[Qemu-devel] [PATCH RFC] qdev: add init order filter

Michael S. Tsirkin posted 1 patch 7 years ago
Failed in applying to current master (apply log)
include/hw/qdev-core.h | 10 ++++++++++
include/monitor/qdev.h |  2 +-
qdev-monitor.c         |  9 +++++++--
vl.c                   | 15 ++++++++++-----
4 files changed, 28 insertions(+), 8 deletions(-)
[Qemu-devel] [PATCH RFC] qdev: add init order filter
Posted by Michael S. Tsirkin 7 years ago
Allow forcing a specific order of initialization on
devices created with -device.
Helpful e.g. for built-in devices such as IOMMUs which must
exist before all other devices.

Signed-off-by: Michael S. Tsirkin <mst@redhat.com>
---

Looks like we have a ton of problems because devices
are initialized in a random order, while we
really want e.g. iommu to be initialized
earlier than devices.

This will be helpful for other things, e.g.
real hardware often is initialized in a specific order,
creating built-in devices for the board often
has to happen in a specific order, etc.


We could then stop trying to do things at machine
done time and simply set initialization order.
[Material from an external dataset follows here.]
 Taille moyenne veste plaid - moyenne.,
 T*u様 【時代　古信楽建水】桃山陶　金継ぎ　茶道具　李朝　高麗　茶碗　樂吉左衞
The following patch achieves this for devices
created with -device but unfortunately not others
(e.g. not -net nic, etc).

Thoughts on the best way to complete this would be appreciated.

As you can see this patch is small enough for 2.9 and it might be a good
idea considering the pile of hacks we have pending as a replacement.


 include/hw/qdev-core.h | 10 ++++++++++
 include/monitor/qdev.h |  2 +-
 qdev-monitor.c         |  9 +++++++--
 vl.c                   | 15 ++++++++++-----
 4 files changed, 28 insertions(+), 8 deletions(-)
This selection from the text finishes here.